Ogólne rozmowy na tematy związane z mieszkaniem w Wielkiej Brytanii. Ogłoszenia mieszkaniowe można znaleźć pod adresem www.londynek.net/accommodation
Inyan
Gastarbeiter
Posty: 15
Rejestracja: 26 lip 2013 12:14

spokojna dzielnica, a cena - prosze o porade

Postautor: Inyan » 26 lip 2013 12:26

hej,
Potrzebuje porady - chce przeniesc sie do Londynu z innego miasta w UK i szukam dzielnicy, w ktorej proporcje spokojna/cena sa najlepsze ;)
zdaje sobie sprawe z tego, ze to czesto subiektywna sprawa ale zapewne jakies tendencje sa dosyc wyrazne?
Szukam pokoju, nie domu czy mieszkania calego.
Oczywiscie prawie dla kazdego idealnym rozwiazaniem bylby pokoj w samym centrum za darmo ;) ale jestem realista w tym zakresie

Usercostam
Rezydent
Posty: 5231
Rejestracja: 06 gru 2013 12:00

Postautor: Usercostam » 26 lip 2013 13:44

Nie wynajmuj blisko tzw. council flats. Bo tam zawsze jest biedota i patologia niezależnie od dzielnicy.

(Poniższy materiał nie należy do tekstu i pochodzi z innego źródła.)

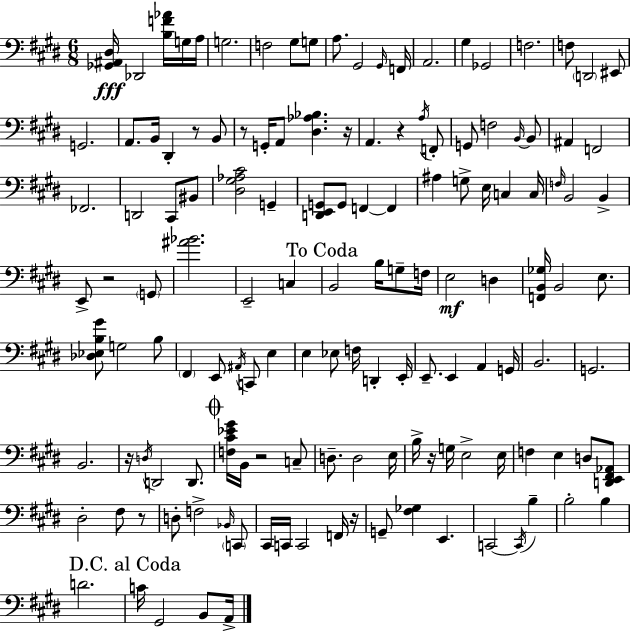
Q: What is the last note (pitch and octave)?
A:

Omijałbym też 3 strefe, bo tam mieszka najwięcej patologii.

Inyan
Gastarbeiter
Posty: 15
Rejestracja: 26 lip 2013 12:14

Postautor: Inyan » 26 lip 2013 13:57

problem w tym, ze ja nie wiem w jakich rejonach sa councilowskie mieszkania :/
a ze strefa w takim razie lepiej jest szukac np 2 i 4 niz 3? moze jakies konkretne propozycje dzielnic, ktore byscie polecali?
dziekuje w ogole za odpowiedz :)

Usercostam
Rezydent
Posty: 5231
Rejestracja: 06 gru 2013 12:00

Postautor: Usercostam » 26 lip 2013 19:54

Ja bym szukał strefe 2 (ale nie we wschodnim londynie), jak Cię stać to 1 (ale nie na południu) albo strefe 4-5

Tak naprawdę to jest problem sporo wyolbrzymiony, jedyne problemy jakie napotkałem to dzieciarnia rzucająca we mnie kamieniami i krzycząca "polish pig"

No ale to wiadomo, rodzice alkoholicy - jak taki debil wytłumaczy dziecku czemu nie mają kasy? "Because this Polish scum came to this country and took our jobs" itd.

Coucil flats rozpoznasz od razu - to są budynki z których wieje bieda.

No więc jak się nie boisz dzieciarni, i jak jakiś murzyn do Ciebie podejdzie i powie, że chce hajs, nie klękasz od razu na kolana tylko się stawiasz, to wszędzie możesz mieszkać.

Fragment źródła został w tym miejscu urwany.